Proof of the expression of upper incomplete gamma function as an finite summation. I am trying the proof the one of the finite summation expression of the incomplete upper Gamma function
$$ \Gamma(m,x) = \int_{x}^\infty v^{m-1}e^{-v}dv$$
So, using the equality (also given in Tab. of. Int. [3.351.2])
$$\int_{u}^{\infty} x^{n}e^{-\mu x}dx = e^{-\mu u} \sum_{k=0}^{n} \frac {n!}{k!} \frac{u^k}{\mu^{n-k+1}} $$
I can also express the gamma function in terms of a finite summation.
So, I'll be so glad if you help me to prove the equality given just above.

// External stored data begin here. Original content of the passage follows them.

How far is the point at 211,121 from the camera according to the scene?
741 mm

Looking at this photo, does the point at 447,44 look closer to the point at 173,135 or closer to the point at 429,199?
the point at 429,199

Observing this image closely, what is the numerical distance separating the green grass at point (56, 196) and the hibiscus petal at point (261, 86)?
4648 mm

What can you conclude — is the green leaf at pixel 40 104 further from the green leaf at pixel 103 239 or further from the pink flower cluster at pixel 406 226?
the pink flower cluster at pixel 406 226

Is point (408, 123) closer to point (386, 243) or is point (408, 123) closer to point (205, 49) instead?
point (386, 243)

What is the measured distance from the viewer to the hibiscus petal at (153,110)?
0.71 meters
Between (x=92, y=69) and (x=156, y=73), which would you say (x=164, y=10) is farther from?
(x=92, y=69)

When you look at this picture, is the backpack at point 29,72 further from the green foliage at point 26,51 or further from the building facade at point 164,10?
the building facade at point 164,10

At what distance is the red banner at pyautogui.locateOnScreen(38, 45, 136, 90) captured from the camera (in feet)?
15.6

 A: $$\int_{u}^{+\infty}x^{n}e^{-\mu x}dx\stackrel{x=t+u}{=}e^{-\mu u}\int_{0}^{+\infty}\left(t+u\right)^{n}e^{-\mu t}dt$$ $$\stackrel{\mathrm{Bin}}{=}e^{-\mu u}\sum_{k=0}^{n}\dbinom{n}{k}u^{k}\int_{0}^{+\infty}t^{n-k}e^{-\mu t}dt\stackrel{t=v/\mu}{=}e^{-\mu u}\sum_{k=0}^{n}\dbinom{n}{k}\frac{u^{k}}{\mu^{n-k+1}}\int_{0}^{+\infty}v^{n-k}e^{-v}dt$$ $$=\color{red}{e^{-\mu u}\sum_{k=0}^{n}\frac{n!}{k!}\frac{u^{k}}{\mu^{n-k+1}}}$$
A: Here is a sketch of a simple approach.  Write
$$ f(u) = e^{\mu u} \int_u^\infty x^n e^{-\mu x} dx $$
Differentiating with respect to $u$ gives, by the product rule and the fundamental theorem of calculus,
$$ f'(u) = \mu e^{\mu u} \int_u^\infty x^n e^{-\mu x} dx - e^{\mu u} u^n e^{-\mu u} = \mu f(u) - u^n $$
This can be used as a recursion relation:
$$ f^{(2)}(u) = \mu^2 f(u) - \mu n u^{n-1} - u^n $$
$$ f^{(3)}(u) = ... $$
If you take the Taylor series
$$ \sum_k \frac{f^{(k)}(0) u^k}{k!} $$
and plug in the fact that $f(0)=\frac{n!}{\mu^{n+1}}$ then you basically get the desired result above.  When $k>n$, then there will always be one of the terms that originally was $u^n$ but has received $n$ derivatives, so it will not vanish when you plug in $u=0$, and it will cancel with the term containing $f(0)$, which is why the series terminates.